- Location: White City Stadium
- Start date: 12 June
- End date: 26 June
- Total prize money: £1,500 (winner)

= 1948 English Greyhound Derby =

Greyhound racing event

The 1948 Greyhound Derby took place during June with the final being held on 26 June 1948 at White City Stadium. The winner, Priceless Border, received a first prize of £1,500.

== Final result ==
At White City (over 525 yards):

| Position | Name of Greyhound | Breeding | Trap | SP | Time (sec) | Trainer |
|---|---|---|---|---|---|---|
| 1st | Priceless Border | Clonahard Border - Priceless Sandills | 1 | 1/2f | 28.78 | Leslie Reynolds (Wembley) |
| 2nd | Local Interprize | Ruby Border - Mythical Daisy | 5 | 6/1 | 28.94 | Stan Biss (Clapton) |
| 3rd | Sheevaun | Bella's Prince - Honey Gale | 3 | 9/2 | 29.10 | Paddy Fortune (Wimbledon) |
| 4th | Doughery Boy | Farloe Cutlet - Hylton Black Out | 6 | 100/8 | 29.26 | Jonathan Hopkins (Walthamstow) |
| 5th | Rathattan Ben | Strange Lad - Rathattan Lass | 4 | 100/1 | 29.29 | Jim Syder Jr. (Wembley) |
| 6th | Baytown Stork | Baytown Tulip - Ulster Row | 2 | 100/1 | 29.41 | Jack Toseland (Perry Barr) |

=== Distances ===
2, 2, 2, neck, 1½ (lengths)

The distances between the greyhounds are in finishing order and shown in lengths. From 1927-1950 one length was equal to 0.06 of one second but race times are shown as 0.08 as per modern day calculations.

== Review ==
Priceless Border was a short ante post favourite at odds of 5-1, the brindle dog had been unlucky during the 1947 English Greyhound Derby and had already won the Wood Lane Stakes at White City. In the heats he broke his own track record with a 28.64 win. Another favourite Local Interprize missed the break in his heat and failed to pick up the leader Mazurka in a slow time of 29.24, but still qualified.

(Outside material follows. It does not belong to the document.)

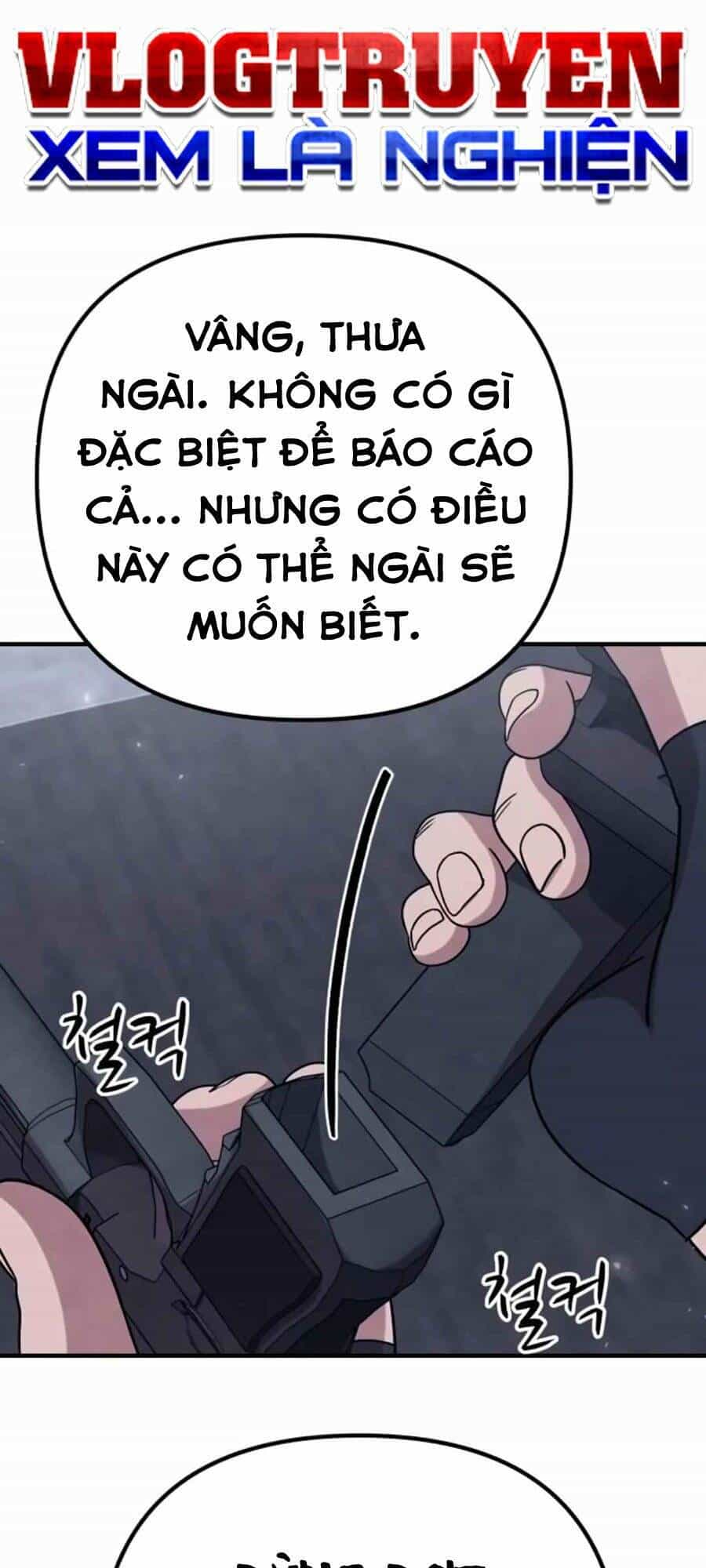 Xác Sống Và Sát Nhân - Chương 16 - ảnh 141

Other notable first round winners who dipped under the 29 second barrier were Cheerful Comedy 28.95 and Don Gipsey 28.98.

One of the semi-finals paired Priceless Border, owned by ten year old Desmond O'Kane, with Local Interprize and the former ran out a three length winner in 28.76. In the next semi-final, the Longcross Cup champion Sheevaun impressed with a time of 28.74 around the 525 yard circuit and the remaining semi-final was won by Doughery Lad in 29.23.

Priceless Border drew trap one in the final and he trapped in front when the race got underway, he always led to finish two lengths clear of the field in a fast time of 28.78, Local Interprize ran well to stay only two lengths adrift, also breaking 29 seconds.